By: Maddie Schmidt
The other morning, I woke up to the sound of my roommate walking in and out of our room as she was getting ready for class. Confused, I checked my phone to see why my alarm hadn’t gone off, only to discover that my phone had died overnight. Upon further investigation, I realized that my charger had not been fully plugged into the wall.
Frustrated, I reinserted my phone charger and began to get ready for my day. I usually listen to music or a podcast while I get ready or do chores, but that morning I had to get ready in silence.
I thought that the silence would be boring—that I would be itching to grab my AirPods after a few minutes. However, I found that I actually enjoyed the silence. It provided room for me to listen to my own thoughts while I was getting ready, instead of just tuning out while listening to something else.

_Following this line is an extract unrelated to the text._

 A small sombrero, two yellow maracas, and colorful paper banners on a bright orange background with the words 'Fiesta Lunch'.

Recently, I have found that it has been harder for me to come up with ideas, whether it be a topic for an essay I need to write for class or just something to write about in my journal. My creativity has felt stagnant, and it has been taking me a long time to come up with something original to talk or write about.
The other morning, though, when I chose to get ready in silence, ideas began to spark. I thought of a topic for an essay I needed to write, and I remembered something that I wanted to jot down in my journal. I even thought about how I could turn that journal entry into some sort of poem or short story. All of these ideas surfaced in just 20 short minutes of silence.

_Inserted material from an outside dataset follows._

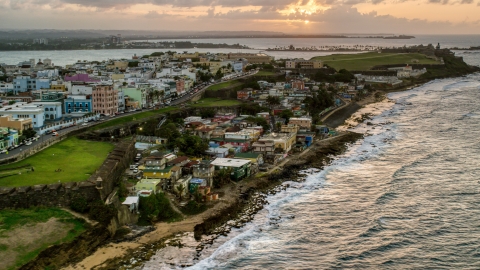 AX104_078.0000146F - Aerial stock photo of Oceanfront Caribbean homes, Old San Juan, Puerto Rico, sunset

I realized that I have been unintentionally letting other people do my thinking for me. If I choose to fill all my moments of silence with listening to music or to someone else talk on a podcast or TV show, then I am not allowing myself the opportunity for my own creativity to flow through my mind. I am simply absorbing and critiquing other people’s ideas, not thinking critically about my own.

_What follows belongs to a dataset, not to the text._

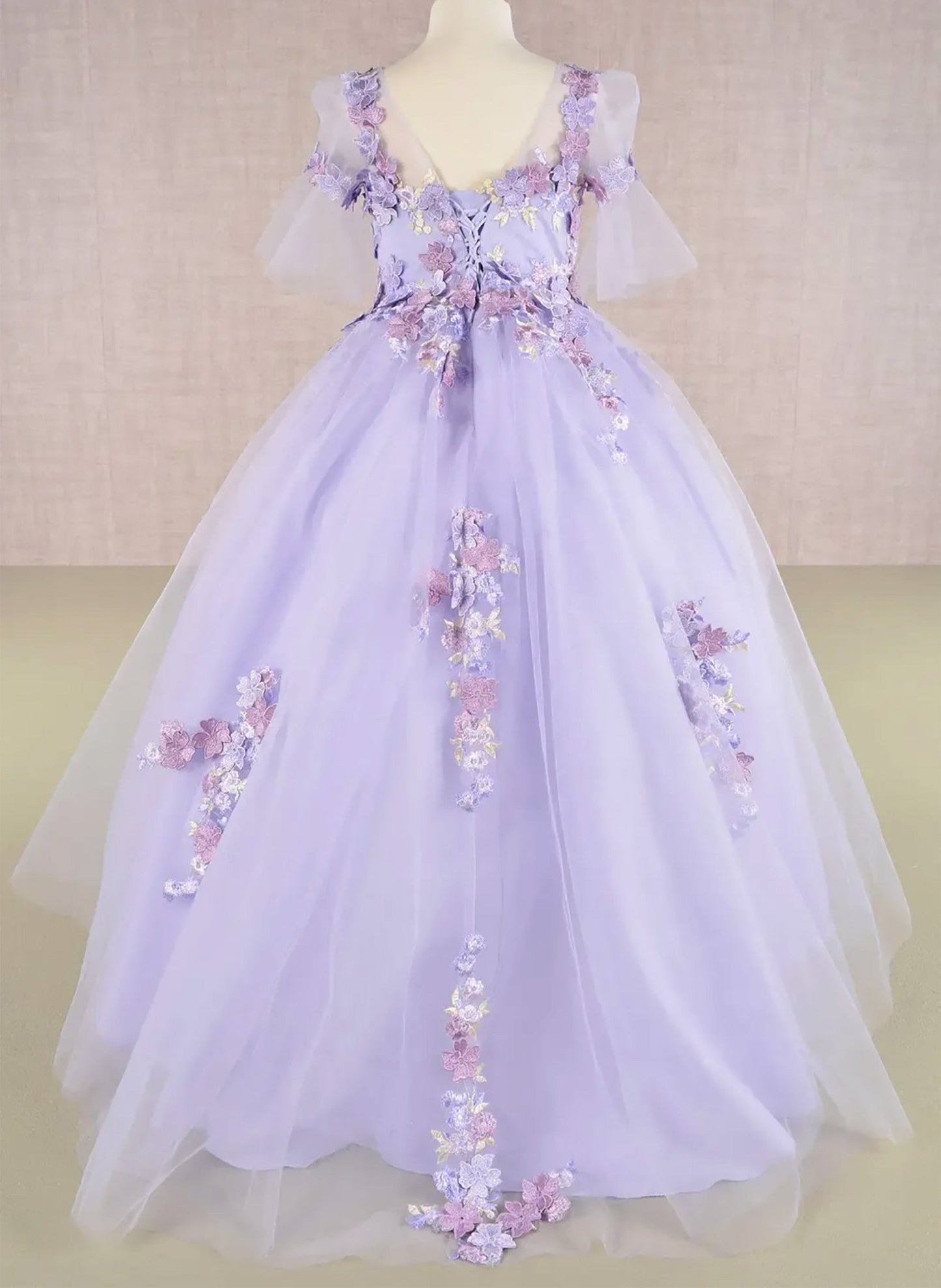Back lilac kid ballgown with 3D floral applique, puff sleeves, and long back hem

Generally, my first reaction to silence is boredom, so I turn to entertainment because it is right at my fingertips. But if I am never bored, then how will I ever be motivated to create anything of my own? I realized that constantly satisfying my craving for entertainment has stunted my own creativity, and as a result, I have allowed myself to become somewhat robotic in how I approach my day-to-day life.
Once I realized how avoiding boredom has shaped my critical thinking habits, I began to ponder the implications of this problem in society. My generation (Gen Z) constantly has headphones in our ears and all the entertainment we could ever desire in our back pockets. On the surface, this doesn’t seem like such a horrible thing. We have access to all kinds of information and nearly unlimited possibilities at our disposal. However, what kind of problems might arise if we are all so tuned in to the media that we forget about our ability to be creative?
If our generation lets the trend of passive consumption take over, society itself will
eventually experience a decline in problem-solving skills, and we will forget how to adapt to our
dynamic environment. Overall, we will become a less productive society that succumbs to conformity instead of encouraging original thinking.
For a long time, I just thought that I wasn’t good at the brainstorming process of activities like projects and writing. However, I wonder if I simply haven’t given myself the space to practice coming up with my own ideas. I think that many of us would find that we are more creative and better at problem solving and brainstorming if we would sometimes sit in silence and let our brains do what they were made for. I think the solution to stunted creativity and lack of inspiration is to let ourselves sit in silence—to experience boredom.